His concern for the struggle for the survival of the Ogoni started in his days in the secondary school in far away Umuahia and he wrote his first book “Ogoni Nationality, today and tomorrow”. He used his position as Commissioner to rehabilitate his Ogoni people and started emancipating them through education. Perhaps this precipitated his dismissal from the council.

Ken was indeed a man who would never be careful. He would take the bull by the horn; he would hit the nail on the head. Fear was foreign to him. No matter what it takes, he was born to be feared and not the reverse.

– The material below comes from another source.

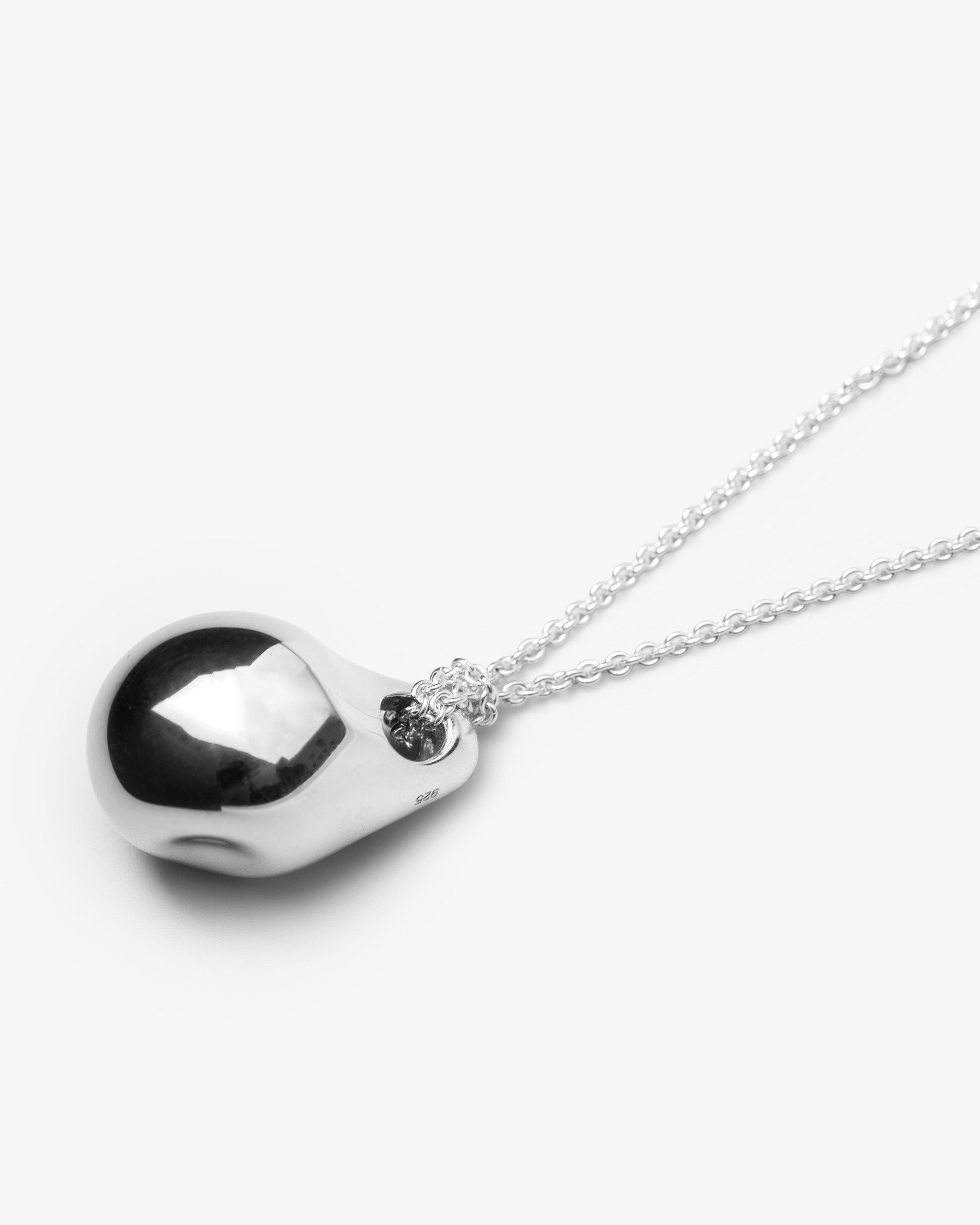 [NEW] Chain Necklace | 2402N051010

He was a rare gem and a peculiar creature, not being physically, massively or structurally endowed his brain was 100% a blessing to nations particularly the Ogoni.

He turned to business after his dismissal from the Rivers State Executive Council by Alfred Diette Spiff, and became a business tycoon in the U.S. and UK. In 1979 he contested an election to the Federal House of Representatives but lost it to the more partisan and less people oriented.

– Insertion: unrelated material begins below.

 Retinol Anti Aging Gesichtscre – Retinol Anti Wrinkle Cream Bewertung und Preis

In the 1980 he started his popular television sitcom, “Basi and Company, wrote children plays as Mr. B, Mr. B. Goes to Lagos, Tambari, Tambari in Dukana, wrote more incisive books as “Prisoners of Jebs, ‘Genocide in Nigeria: an Ogoni tragedy,” second Letter to Ogoni Youths, ‘A forest of Flowers, On a Darkling Plane, ‘an account of the Nigerian Civil War. A Month and Day: A detention Dairy etc. Facts have it that he wrote more than 23 books before he was gruesomely murdered. Indeed, this would have qualified him as a professor if he had remained in the academic which he said was his dream but for the agony of the Ogoni which was his divine mission. He became president of Association of Nigerian Authors (ANA), president of EMEROAF and Vice President, Unrepresented Nations and Peoples Organization (UNPO).

In September 1987, Ken was appointed the Executive Director of the Federal Government’s Directorate of Mass Mobilization for Self-reliance, Social Justice and Economic Recovery (MAMSER). Noticing that he could not mobilize the people and would not be asking them to question the military junta itself and which the junta never tolerated, he resigned.

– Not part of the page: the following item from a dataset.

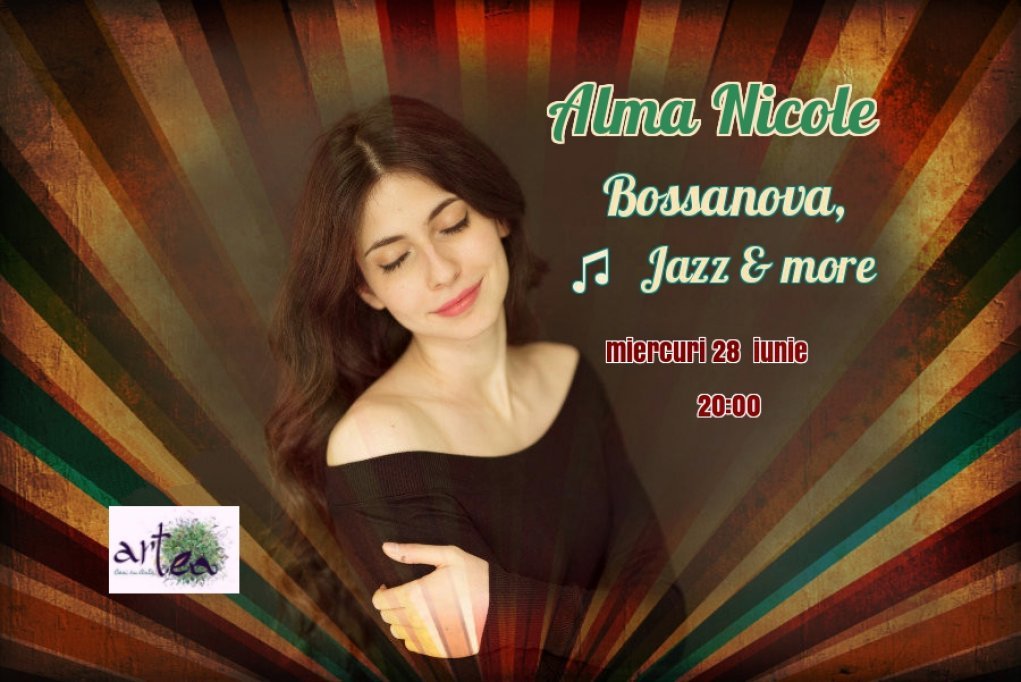 Bossanova, Jazz & more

By 1990, he had written the Ogoni Bill of Rights which was signed by the Ogoni elites in that year. He started his awareness and galvanization crusade thereby. By this act he has decided to walk majestically and noisily where even angels tiptoed. His activities and mobilization landed him in prisons and detentions on several occasions. He successfully organized over 500,000 Ogonis in 1993 in protest against Shell and the Nigerian nation without any violence at all. This was indeed a non-violent struggle and methodology. The people really believed in him and he was most cherished of all Ogoni elites. Indeed, he had taken over from late Chief Paul Timothy Naaku Birabi, the first Ogoni emancipation crusader. During his leadership MOSOP was founded and widely embraced, leading to the sacking of Shell from Ogoni in 1993. This became an insult to the oppressive military cabals led by Dictator General I.B. Babangida who vowed to do the worst.

Ken Saro-Wiwa organized over one hundred rallies before his slaughter in 1995. He faced several trumped up charges. He was detained for a month and a day but was finally released on 22nd July, 1993.

He wrote his detention dairy and ended in a manner that looked predictive of his fate this way. “The genocide of the Ogoni had taken on a new dimension. The manner of it I will narrate in my next book, IF I LIVE TO TELL THE TALE”. Indeed, he never lived to tell the tale as he was arrested barely three days after then from where he never saw freedom till he was brutally killed on November 10th 1995, 18 years ago at the end of a kangaroo tribunal presided over by Justice Ibrahim Auta, Borno man.